Monday, 8 October 2012

Egg Noodles


Egg Noodles
Egg Noodles


Ingredients

§ Noodles – 400 grams.
§ Cabbage – ¼ Cup (Finely chopped)
§ Carrot – ¼ Cup (Finely chopped)
§ Capsicum – 1 (Cut into small pieces)
§ Beans – ¼ Cup (Finely Chopped)
§ Egg-2
§ Soy Sauce – 2 tspn
§ Tomato Sauce – 2 tbsp.
§ Chili Sauce – 2 tspn
§ Pepper powder – 1 tspn
§ Salt – As needed
§ Oil – As needed

         Preparation
1.     Boil the noodles in plenty of water and with a teaspoon of oil and little salt.
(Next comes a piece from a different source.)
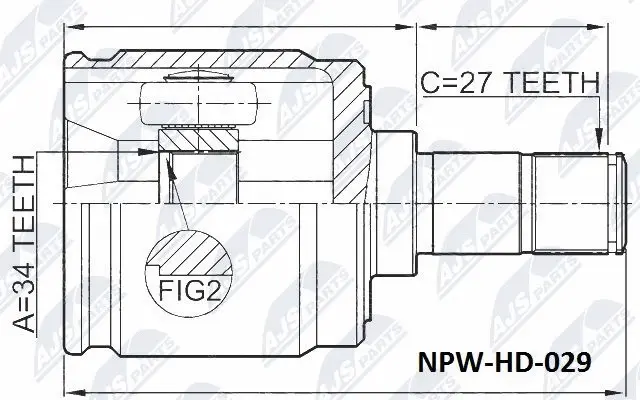 NPW-HD-029 NTY Шарнирный комплект, приводной вал (фото 1)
Remove and strain the water and slightly wash it in the running cold water. (The noodles should not be over cooked. It will turn mushy if it’s over cooked. So remove and strain when it’s just cooked).
2.     Heat oil in a wok or a kadai, add the vegetables one by one and sauté till they get soft. You can add a little salt here (keeping in mind that soy sauce which we will be adding later also has salt in it).
3.     Add the cooked noodles, tomato sauce, chili sauce, soy sauce and pepper powder. Keep the flame little high while adding the soya sauce. Add egg either scrambled or cooked (plain omelette) and cut into desired size. Mix everything well.

Note:
      For Vegetarian’s, avoid egg and use mushrooms (cut into small pieces and add with the vegetables).